The goal of performance tuning in SQL is to minimize the execution time of the query and reduce the number of resources while processing the query. Whenever we run the query, performance depends on the amount of data and the complexity of the calculations we are working on. So, by reducing the no of calculations and data, we can improve the performance. For that, we have some best practices and major factors which we are going to discuss in detail.
Data Types – Deciding on the right data type can reduce the storage space and improve our performance. We should always choose the minimum size of the data type which will work for all the values in all columns.
- Choosing a specific data type helps to ensure that only specific values are stored in a particular column and reduce storage size.
- Sometimes we need to convert one datatype to another which increases resource utilization and thereby reduces performance. So, to avoid that while creating a table care should be taken that we use the correct datatype across the tables in our data model, by doing so we are reducing the chances of changing them in the future. In this way, we don’t need to convert data type implicitly or explicitly and our query runs faster.
- We should use a new data type instead of the deprecated data type.
- Store the date and time in a separate column. It helps to aggregate data on the date and timewise also helps when we filter the data.
- When we have a column with a fixed length, go for the fixed length data type, for example- Gender, Flag value, Country code, Mobile number, Postal code, etc.
Filtering Data- Query performance depends on how much data we are processing so it is important to take only the required data for our query. Also, at which level we are filtering the data.
Let’s see some of the scenarios –
- For example, if we want to see aggregation for the year 2022 and for the ABC department then we should always filter data before aggregation in the Where clause instead of Having.
- If we want to join two tables with specific data, then we should filter the required data before joining the table.
Joins – Join is a very common and useful concept in Databases and data warehouses. In order to improve performance choosing the appropriate join for our requirements is very important. Below are some best practices of join.
- If we want only matching records from joining tables, then we should go for inner join. If we want full data from any one table, then we should go for left or right outer join and if we want full data from both the table then we should go for full outer join. Always try to avoid Cross join
- Use ON instead of writing join condition on where clause.

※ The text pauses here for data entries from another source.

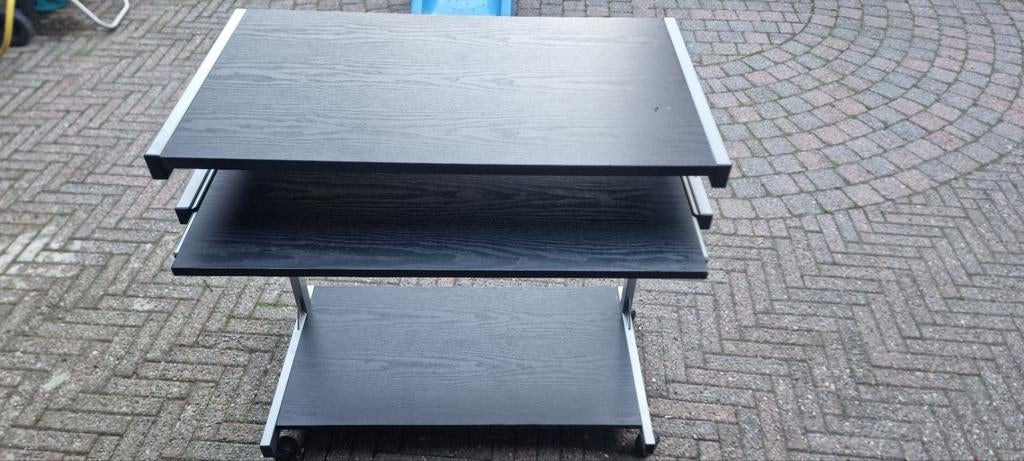 Compacte computertafel met uitschuifbaar toetsenbordblad, Huis en Inrichting, Ophalen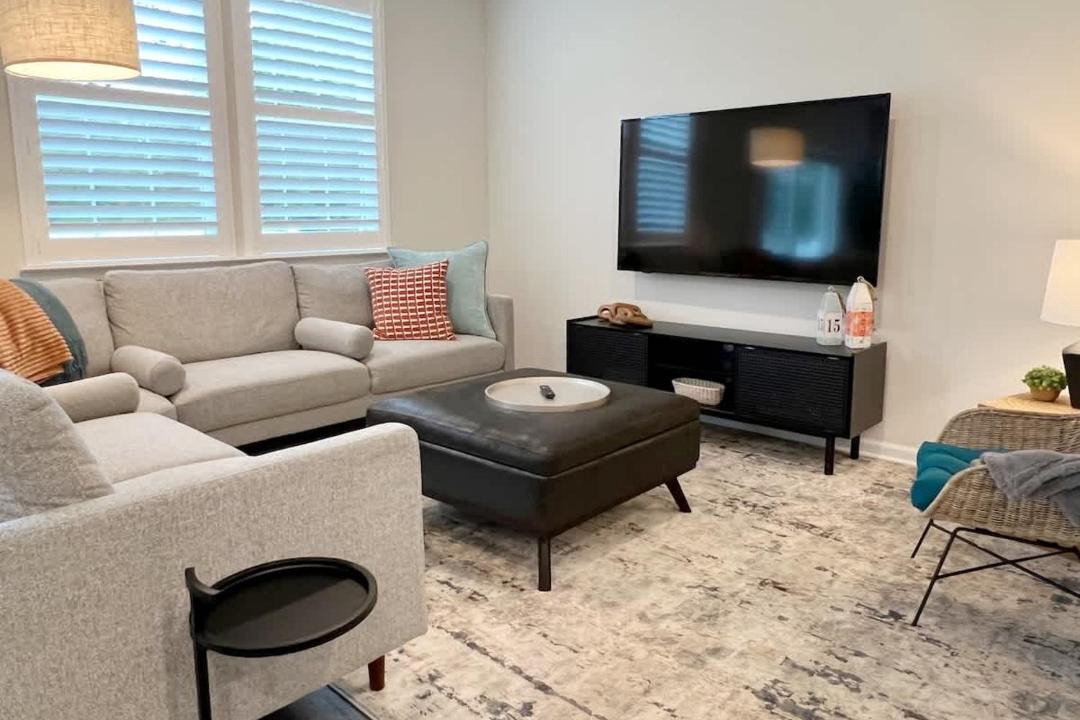 Photo of Livingroom in Cape May Court House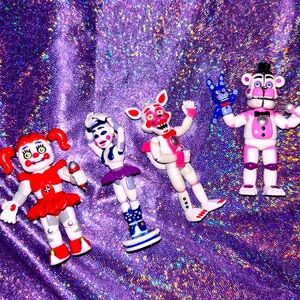 Five Nights At Freddy’s set of 4 figures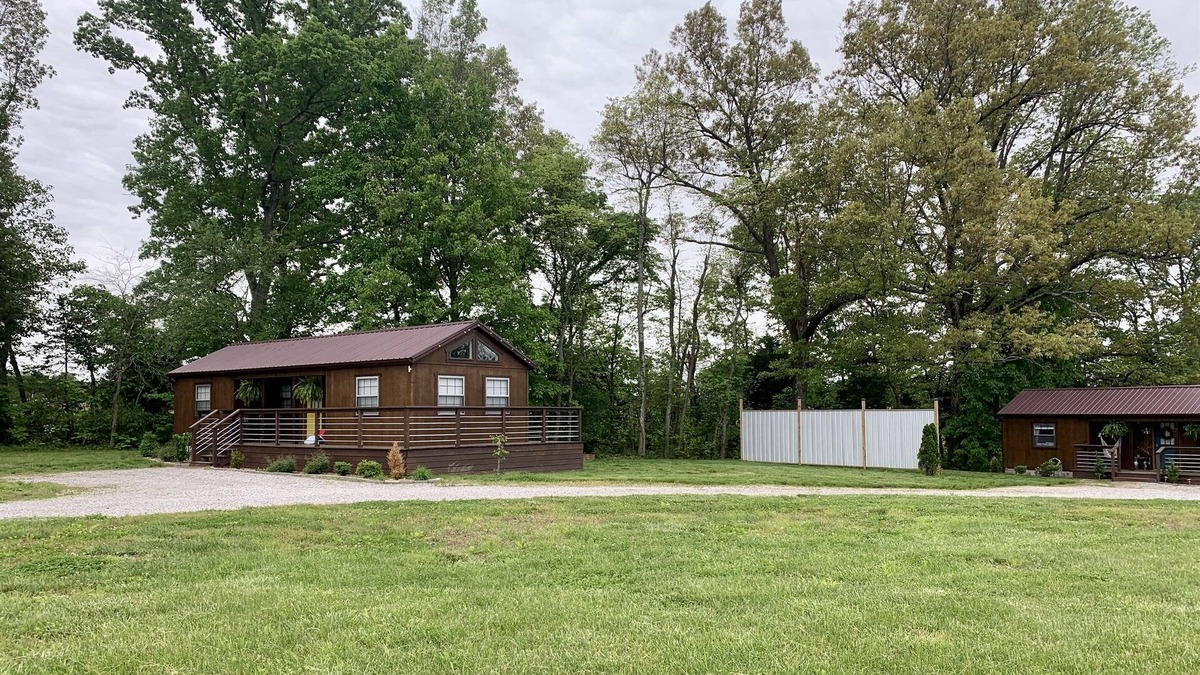 Marion Cabin | 3 Cabins | Pond | Near Lake Egypt | Sleep 13 Total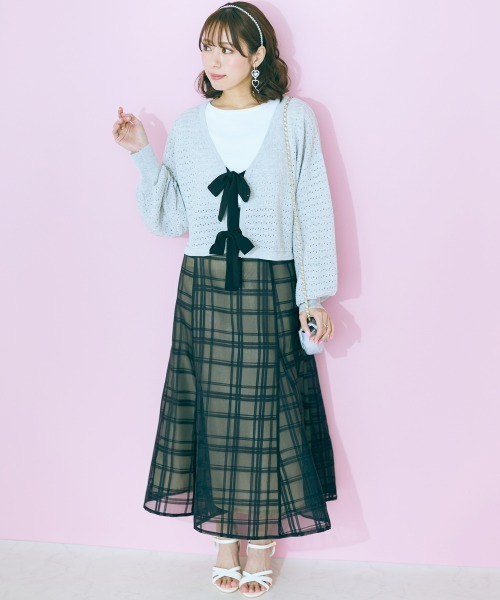 marun（マルン）の「＜大きいサイズ＞ フロントリボンカーディガン marun（カーディガン/ボレロ・レディース・グレー/アイボリー・5L/4L/3L/LL/L）」の4枚目の写真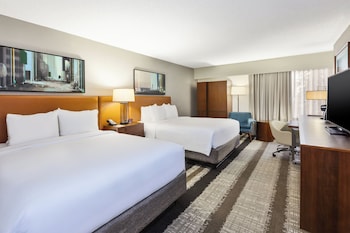 Premium Room, 2 Queen Beds, Accessible Bathtub (Communications, Accessible Tub)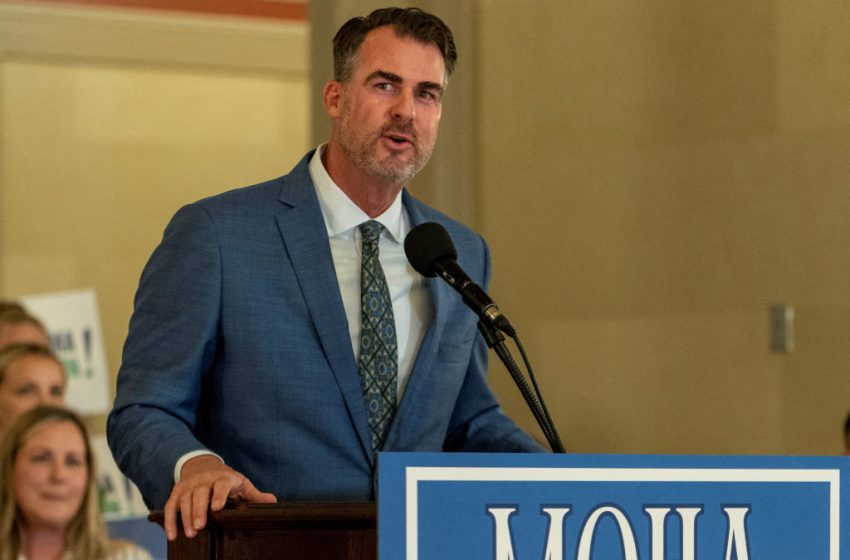  Trump attacked this GOP governor while claiming Democrats were always included in annual meeting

- Use alias name for table and column.
- Avoid OR in the join condition.
- Always prefer to join instead of a correlated subquery. correlated subquery has poor performance as compared to the joins.
Exist vs IN –
- We should use EXIST instead of IN whenever the subquery returns a large amount of data.
- We should use IN when the subquery returns a small amount of data.
Index- If we talk about performance tuning in SQL, Index plays a very important role. We can create an index either implicitly or explicitly. We have to use the index very carefully because, on one hand, it increases performance in searching, sorting, and grouping record, and on another hand, it increases disk space and takes more time while inserting, updating, and deleting data. There are two types of indexes, Cluster and Non-Cluster indexes. We can have only one Cluster index per table and whenever we create a primary key in the table, the database creates a clustered index implicitly. We can have multiple non-cluster indexes in the table. Whenever we create Unique Key on the table, the database creates a non-cluster index.
Below are some best practices for creating indexes.
- It is always recommended that we should create a clustered index before creating a non-cluster index.
- Integer data type works faster with index as compared to string because integer has low space requirement. That is why it is recommendable to create a primary key on the Integer column.
- Indexing in OLTP database -One should avoid multiple indexes in OLTP (online transaction processing) database since there is a need to frequently insert and modify the data hence multiple indexes might have a negative impact on performance.
- Indexing in OLAP database –OLAP (online analytical processing) database is mostly used for analytical purposes hence we commonly use select statements to get the data. In this scenario, we can use more indexes on multiple columns without affecting the performance.
Union vs Union All- Union all is faster as compared to Union because union check for duplicates and returns distinct values while Union all returns all records from both the table. If you know that both tables have unique and distinct records from each other, then we can go for union all for better performance.
These are some best practices that we can follow to improve the SQL performance.